Speaking vehemently to the overwhelming crowd, he stated that “We reiterate that we will use all available instruments necessary in expediting land restitution and respond to land hunger. The land question will feature prominently in the policy conference discussions of the governing party in June‚ including the debates on the expropriation of land without compensation‚” said Zuma.

Speaking to several thousand people at Freedom Day celebrations in Manguzi – a northern KwaZulu-Natal town which borders Mozambique – Number One said black South Africans were still economically disempowered despite the country achieving political freedom.

This year marks 23 years since South Africa voted in its first democratic elections.

The land question was key to dealing with this disempowerment.

“We are also very much aware of our people’s quest for land. We reiterate that we will use all available instruments necessary in expediting land restitution and respond to land hunger. The land question will feature prominently in the policy conference discussions of the governing party in June‚ including the debates on the expropriation of land without compensation‚” said Zuma.

Earlier‚ he said economic freedom was still “elusive”.

“We have achieved political freedom but economic freedom still remains largely elusive. It is for this reason that we speak about radical economic transformation. We mean fundamental change in the structure‚ systems‚ institutions and patterns of ownership‚ management and control of the economy in favour of all South Africans‚ especially the poor‚ the majority of whom are African and female‚” he said.

Zuma continued: “The level of inequality remains high. White households earn at least five times more than black households. Only ten percent of the top one hundred companies on the Johannesburg Stock Exchange are owned by black South Africans‚ directly-achieved‚ principally‚ through the black empowerment codes. The pace of transformation in the workplace‚ the implementation of affirmative action policies as required by the Employment Equity Act‚ also remains very slow.”
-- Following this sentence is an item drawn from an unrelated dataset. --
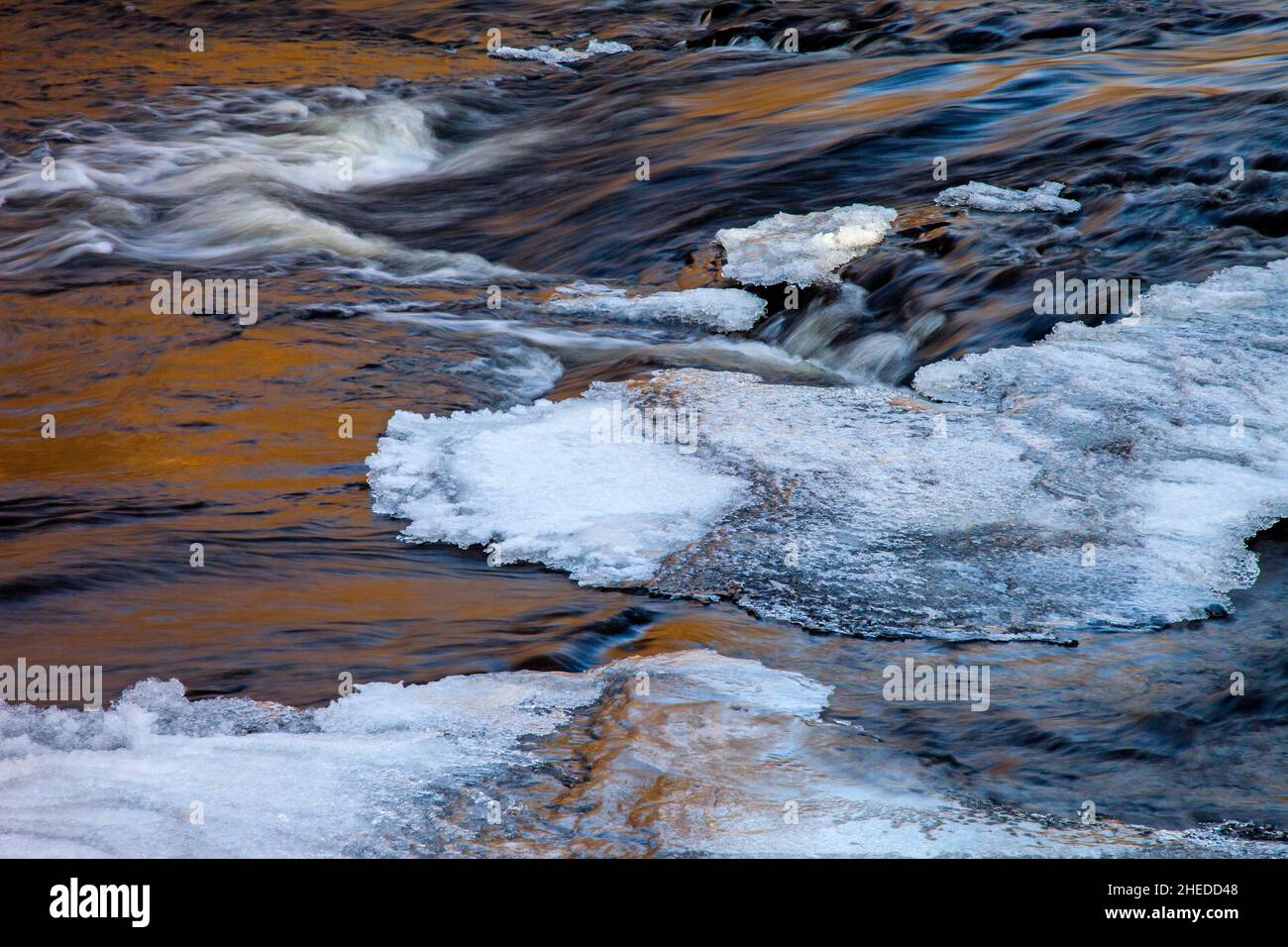 Ice and late afternoon reflections on Tobyhanna Creek in Pennsylvania's Pocono Mountains in early winter. Stock Photo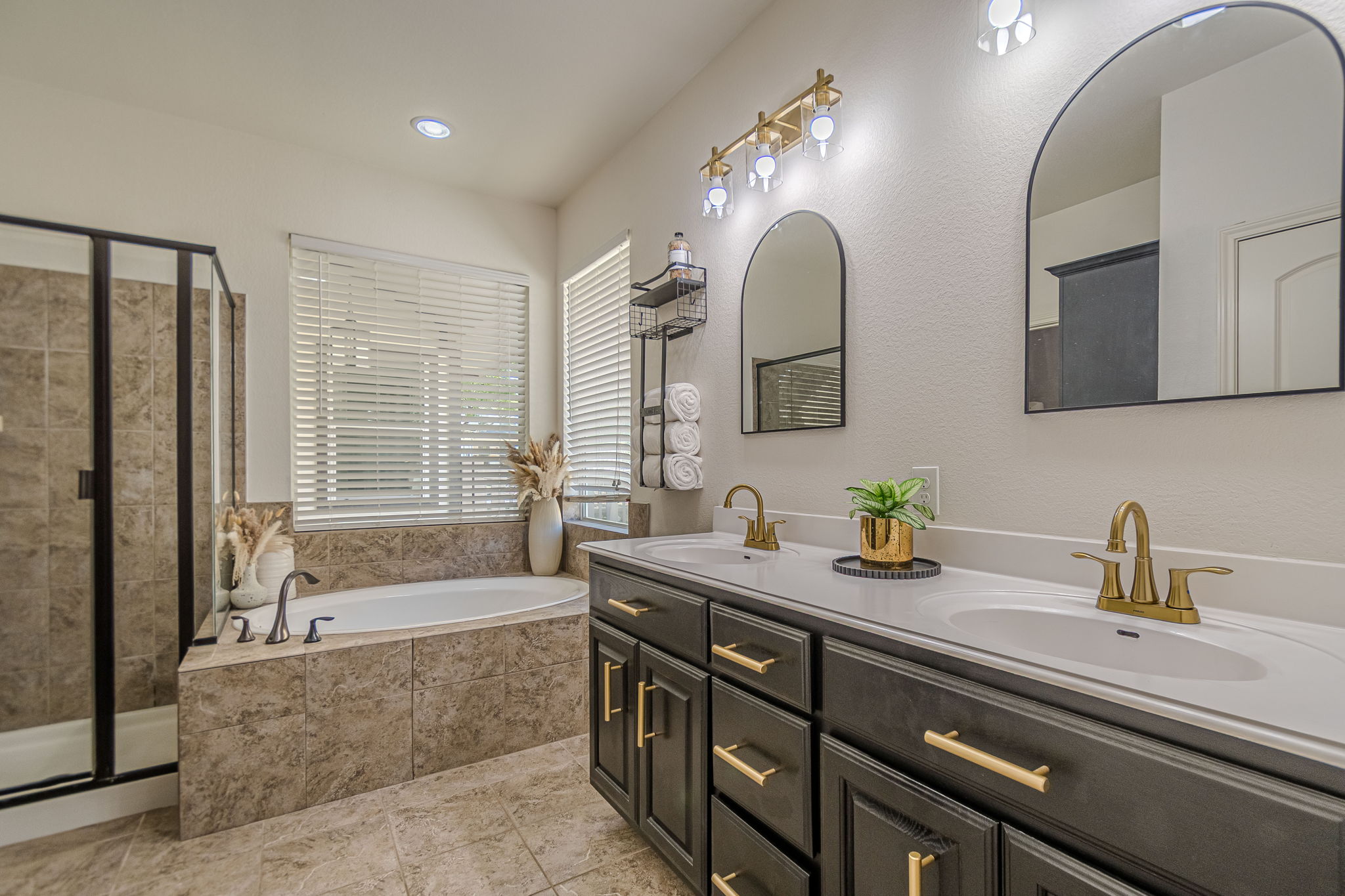 1031 Powell Kyle, TX 78640 - Photo 19 of 40 Bathroom featuring double vanity, a garden tub, a stall shower, recessed lighting, and light tile patterned floors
Before he took to the podium‚ Zuma shared lighter moments with his deputy‚ Cyril Ramaphosa‚ as the two tried to show they had set their differences aside.

Zuma arrived amid huge fanfare at the sprawling and teeming local sports field. He was welcomed with ululations from thousands of people waving mini South African flags.

Zuma and Ramaphosa sat comfortably next to each other on the stage. The two have seemingly been at loggerheads with one another since the recent cabinet reshuffle‚ but – on top of the apparent jokes and quips – also shared moments of deep conversation as they mounted a united front.